The international charity, Committee to Protect Journalists (CPJ) has called for a swift and transparent investigation into the attacks on Parfait Katoto and Picard Luhavo, two radio journalist working with privately owned radio stations in Congo.
On separate occasions on September 6 and 7, armed men dressed in Congolese military uniforms forced their way into the homes of Katoto, director of Amkeni Biakato community radio station and Luhavo, a reporter with privately owned radio stations, The Voice of Ituri and Mont Bleu.
According to both journalists and Christine Abedito, Ituri’s chapter president of the National Press Union of the Congo (UNPC), the armed men threatened the journalists with death, beat them, and confiscated their work equipment, according to sources.
“Congolese authorities should urgently investigate the separate attacks on journalists Parfait Katoto and Picard Luhavo by armed men who appeared to be members of the military and hold those responsible to account,” said Muthoki Mumo, CPJ’s sub-Saharan Africa representative, in Nairobi.

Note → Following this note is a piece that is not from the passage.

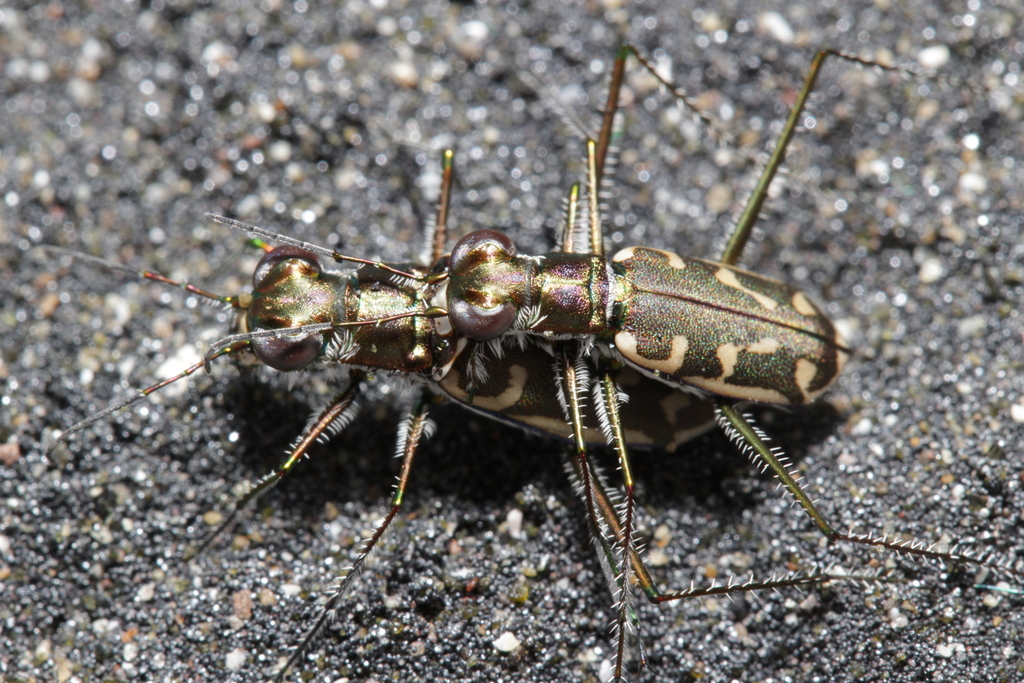 Opilidia macrocnema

“Journalists working in eastern Democratic Republic of Congo face enough dangers without worrying that soldiers from their own government may break down their doors and threaten to kill them.”

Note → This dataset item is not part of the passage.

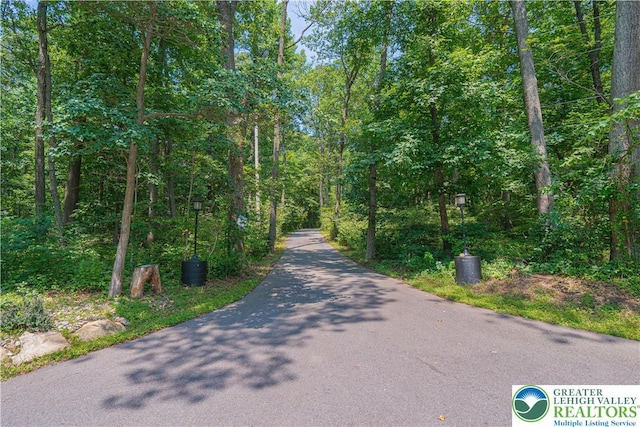 233 Fiddlers Elbow Rd, Phillipsburg, NJ 08865 - photo 75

Ituri and North Kivu have been under military control since May 2021, when Congolese President Félix Antoine Tshisekedi declared a “state of siege” in the two provinces, which placed those areas under military control, according to media reports.
Luhavo and Katoto said the attacks caused body-wide pain and they’d sought treatment at local health centers.

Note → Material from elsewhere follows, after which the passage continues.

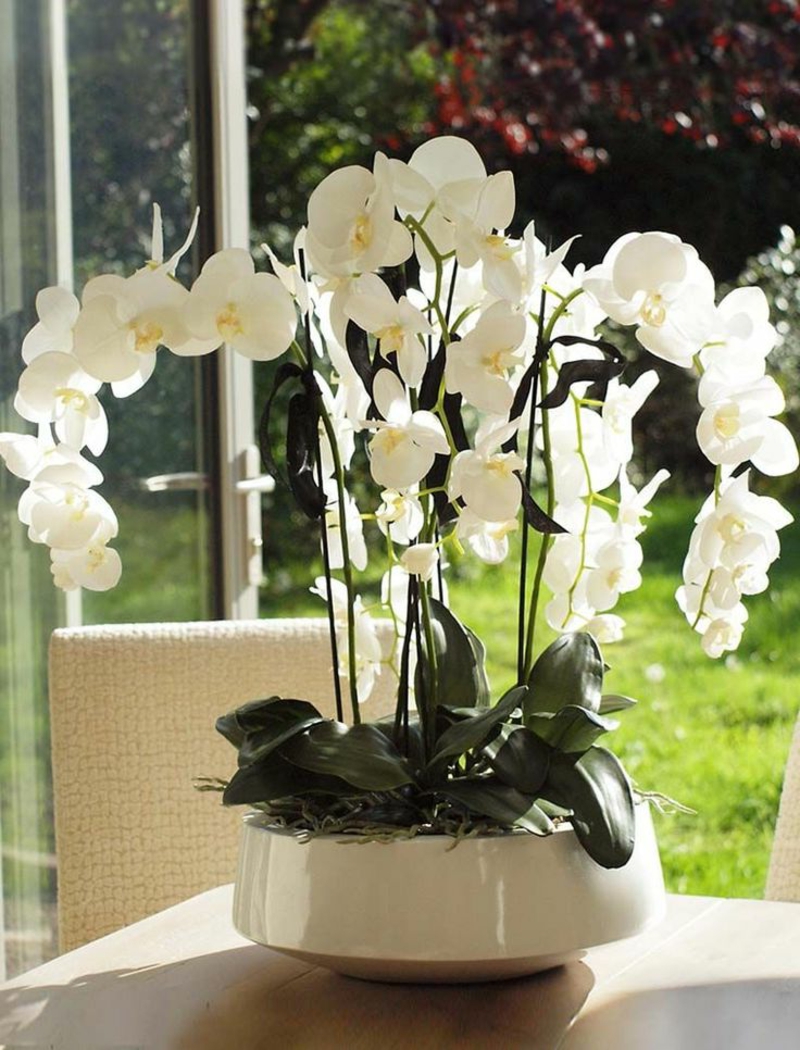 orchidej-typy-moje-oblíbená-květina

Katoto told CPJ that around 8 p.m. on September 6, two men carrying guns entered the compound where he lives in the city of Biakato while he was watching a football match with a neighbor and accused him of disseminating false information about suspected members of the Maï-Maï rebel group killing government soldiers during an attack on September 5, which another local radio station had reported.
Katoto says he told the intruders that he had not reported on the incident, but they threw him to the ground, stomped on him, and punched him. They also seized his two phones and 12,000 Congolese francs (about US$6). The men said they’d return to kill him if he distributed information deemed favorable to the Maï-Maï.
Katoto said he reported the incident to Selemani Salambongo Mbida, the city chief of Biakato, and that his lawyer had begun to prepare a complaint to be filed to the military’s judicial authority.
CPJ’s calls to Selemani rang without answer.
Separately, Katoto faced similar threats in May 2021, when armed men robbed and threatened to kill him in his home, accusing him of denigrating the Congolese military by broadcasting allegations that soldiers had looted properties in Ituri province.